It seems that the Jacobian ratio is defined as the ratio between the maximum and minimum Jacobian determinant in an element [1, 2]. And, that a value between 0.33333 and 1 is good-enough [3].

Nevertheless, for linear elements, the Jacobian is constant and thus the same over each element. As mentioned by @GustavoCosta, 3 descriptors commonly used for element quality check are aspect Ratio, internal angles, and Jacobian determinant. But there are many more as mentioned in a previous answer and references there. You might also want to check reference 4.


  1. Kwok, W., & Chen, Z. (2000, October). A Simple and Effective Mesh Quality Metric for Hexahedral and Wedge Elements. In IMR (pp. 325-333).

  2. Bi, Z. (2017). Finite Element Analysis Applications: A Systematic and Practical Approach. Academic Press.

  3. Bucki, M., Lobos, C., Payan, Y., & Hitschfeld, N. (2011). Jacobian-based repair method for finite element meshes after registration. Engineering with Computers, 27(3), 285-297.

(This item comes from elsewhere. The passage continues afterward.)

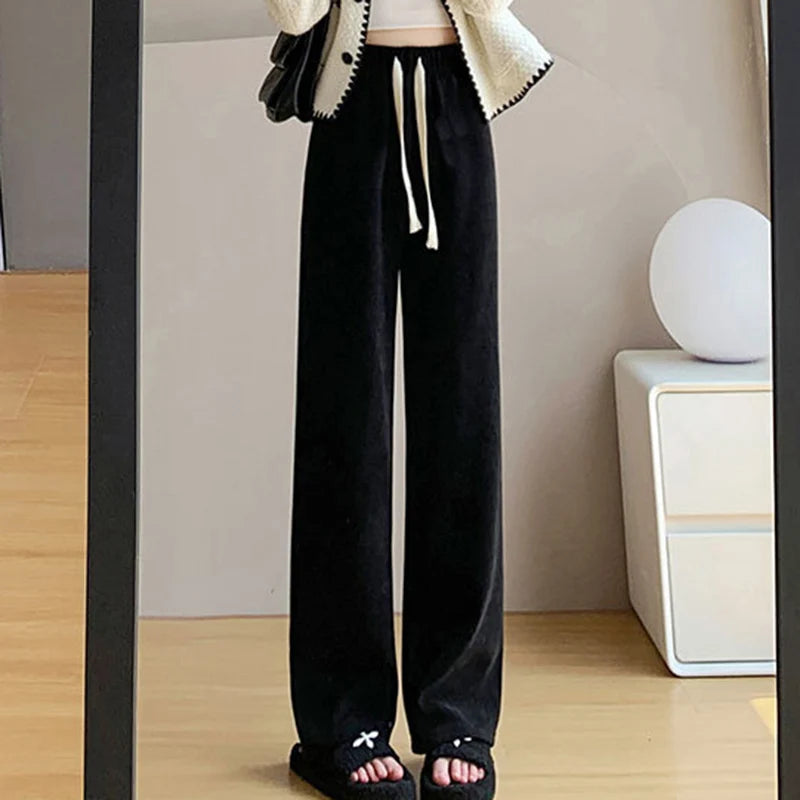 Casual Women Corduroy Long Pants Autumn Winter High Waist Wide Leg Pants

  4. Shewchuk, J. R. (2002). What is a good linear finite element? interpolation, conditioning, anisotropy, and quality measures (preprint). University of California at Berkeley, 73, 137.


I suppose you have calculated the determinant of the Jacobian, and you may calculate the Jacobian ratio by the ratio of the maximum and the minimum of the determinant value. Please refer to this link if you have difficulties to calculate the Jacobian.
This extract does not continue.